A bank makes money by making loans. If someone wants to buy a car, the bank will loan them the money. If a business wants to make a big purchase and they don't have the cash on hand, they can get a loan from the bank.

A loan from a bank works like this: you want a car but don't have the money to buy it. You go to the bank and ask for a loan. They give you the money and you promise to give it back to them over time.

But! You need to pay the bank for borrowing the money. Sometimes you'll pay upfront (there are many names for it, but is often called loan fees) but far more often you'll pay the bank a little at a time as you give them back their money. This is interest.

For instance, if you borrow $12000 and will make 12 monthly payments back to the bank, you'll pay $1000 each month as a payment to the bank. However, you'll also pay a little more, and this will be the interest (let's just say the loan charges $100 interest each month). And so you end up paying $1100 each month: $1000 to return the money (called the Principal Payment) and $100 as your cost of borrowing the money in the first place (the Interest).

Ok - so the bank loans money out to people and businesses who need it and they make money by doing so. But where does that money come from?

Imagine you want to open a new business and you want it to be a grocery store. One of the first things you'll need to do is go out and buy food in order to stock the shelves and have it ready for sale to customers. This same need exists for a bank - it needs to have cash to give to customers to borrow. Where does it come from?

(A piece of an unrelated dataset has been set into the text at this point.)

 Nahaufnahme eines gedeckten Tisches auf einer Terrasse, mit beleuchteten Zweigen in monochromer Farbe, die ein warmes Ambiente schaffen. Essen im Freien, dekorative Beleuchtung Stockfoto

One source is bank deposits. When I put money into the bank, they pay me a little interest. Why? In one sense, they are doing me a favour by holding my money - it's safer in the bank than under my mattress, they send me bank statements telling me how much I have, they pay salaries to employees, they pay rent and electric and all those other costs. Why in the world would they pay me to keep my money safe?

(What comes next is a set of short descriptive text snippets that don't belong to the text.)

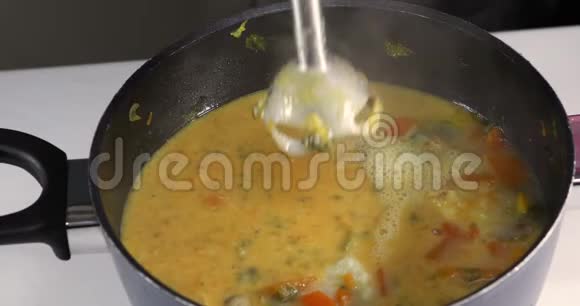 一个女人把成品奶油汤和一个手搅拌锅里的搅拌器混合在一起健康饮食观念视频的预览图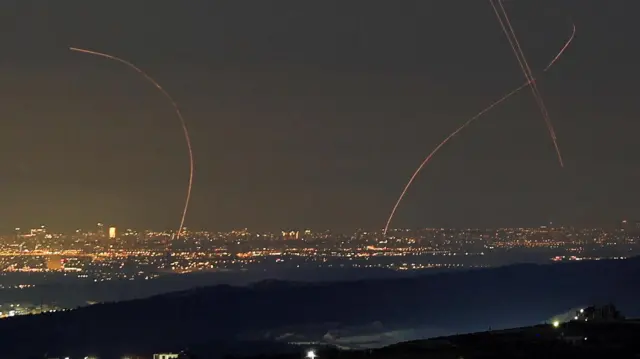 An Iranian missile flies towards Israel as Israeli air defence operates, amid the U.S.-Israeli conflict with Iran, as seen from Hebron, in the Israeli-occupied West Bank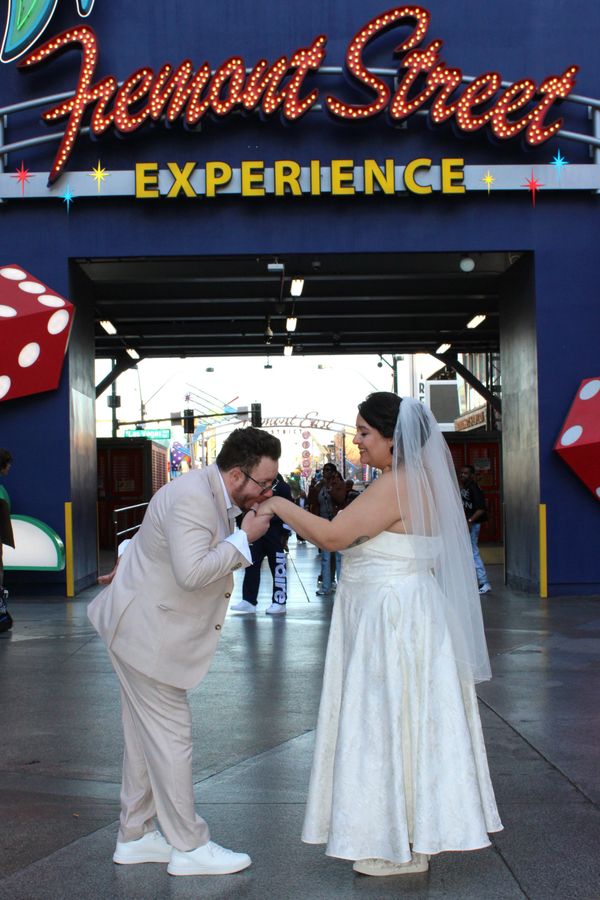 Bride and groom share a romantic moment under Fremont Street Experience sign.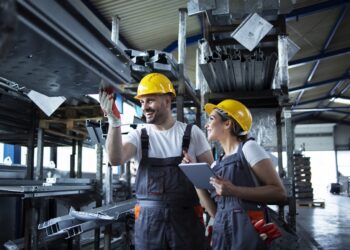 Factory workers checking inventory with tablet computer in industrial warehouse full of metal parts.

Because the bank wants to encourage you and I to keep our money in the bank so they can use it to loan it out. And so they pay us a little each month, interest, for the use of our money so they can loan it out and earn more money.

In fact, banks will offer more interest to us if we commit to keeping our money in the bank for longer periods of time - things like Certificates of Deposit pay higher amounts of interest but we can't access our money for months or even years at a time.